The coffee shop will occupy the space that formerly housed Plum Café.

“We claimed their old space, and the new shop should be pretty sweet. It’s small, no windows, but the atmosphere is nice,” said Andy Thompson, manager of Ex Libris coffee shop.

The coffee shop will be open from 5 p.m. to 1 a.m, Sunday through Thursday, with a staff of between 6 and 10 employees. Plans call for the shop to resemble in atmosphere and offerings other student-run coffee shops on campus.

“It’s something to make the all-night study space a little more pleasant, so people can get something to eat, something to drink, get some coffee. We had a surprising amount of support from people in the sciences, in the labs near the library,” said Donny Copeland, vice president for Administration in Student Government (SG).

An event on the quads will be set up this week, allowing students to submit potential names for the new coffee shop, Thompson said.

The opening reflects the efforts of the Office of the Reynolds Club and Student Activities (ORCSA) and the student employees at Cobb Coffee Shop, Ex Libris, and Hallowed Grounds, according to Bill Michel, assistant vice president for Student Life.

The decision to install a coffee shop in Crerar was mainly the product of discussions between SG and ORCSA officials.
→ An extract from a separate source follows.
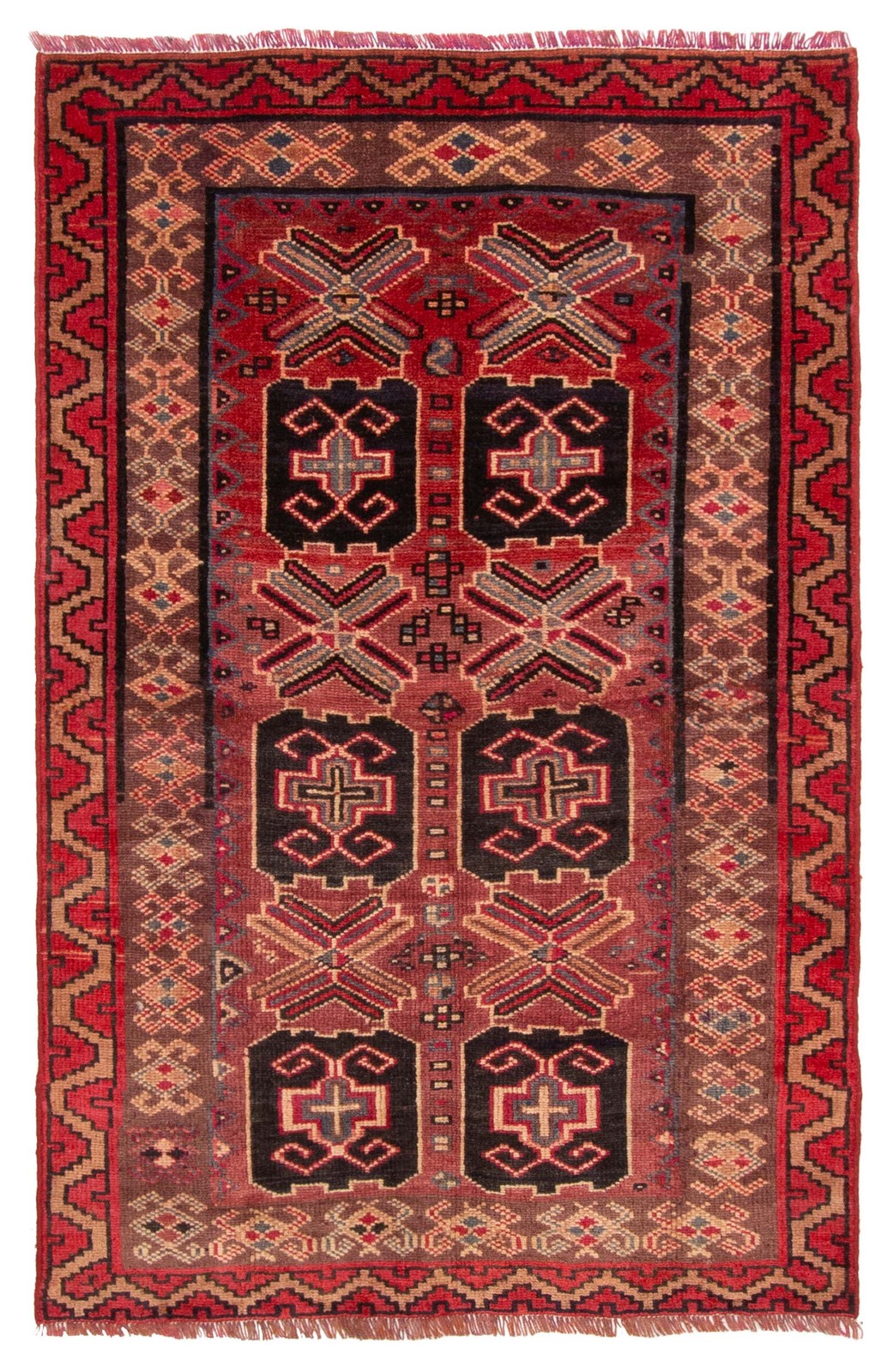 Vintage Hand-Knotted Area Rug 3'8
The option became more viable when Stacy Brown was appointed to the newly created post of ORCSA Coffee Shop Coordinator, Copeland said.
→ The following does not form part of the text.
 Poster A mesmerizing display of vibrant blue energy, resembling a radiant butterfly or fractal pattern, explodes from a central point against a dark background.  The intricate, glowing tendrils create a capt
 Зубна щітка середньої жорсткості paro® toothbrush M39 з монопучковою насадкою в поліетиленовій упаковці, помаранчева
Members of ORCSA and SG hope that the new coffee shop will make the Crerar study space more attractive. Many students have expressed desire for the study space to be moved back to the A-level of the Regenstein.

“We are concerned about the issues that you and other students have raised regarding the library’s decision to offer all-night study space at Crerar and would like to better understand these issues,” said Bill Michel and Judith Nadler, director for the University Library, in an e-mail to SG leaders.
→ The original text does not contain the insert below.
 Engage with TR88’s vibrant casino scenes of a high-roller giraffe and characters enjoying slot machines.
The Regenstein, facing a critical lack of room as its print collection continues to grow, was forced to convert the A-level reading room into a temporary book stacks space,

Michel said. Because of the ongoing construction, the study space cannot be moved back to the A-level.

Other students have welcomed the move and look forward to the coffee shop as an additional benefit to a study space seen as less crowded and noisy than the A-level once was.

“I like it. It’s really quiet. The A-level was a madhouse. Crerar can get loud, but nowhere near as bad as the A-level. The space is big and the quiet there is more self-enforced. But there are no machines and not enough power outlets,” said second-year John Cannon, an employee at the Crerar coffee shop.

The all-night study space may or may not permanently reside in Crerar. Discussions among student committees continue to prompt student input about optimal spaces and designs. “One possibility is that there will be two separate spaces, one designed for individual study and the other more amenable to group study,” Michel said.

While the coffee shop aims to make Crerar and the study space more comfortable, SG leaders do not think the cafe will compromise the atmosphere of Crerar Library, known for its work-conducive silence.

“We don’t want to upset the hardcore Crerar people—hopefully it will be an inviting atmosphere,” Copeland said.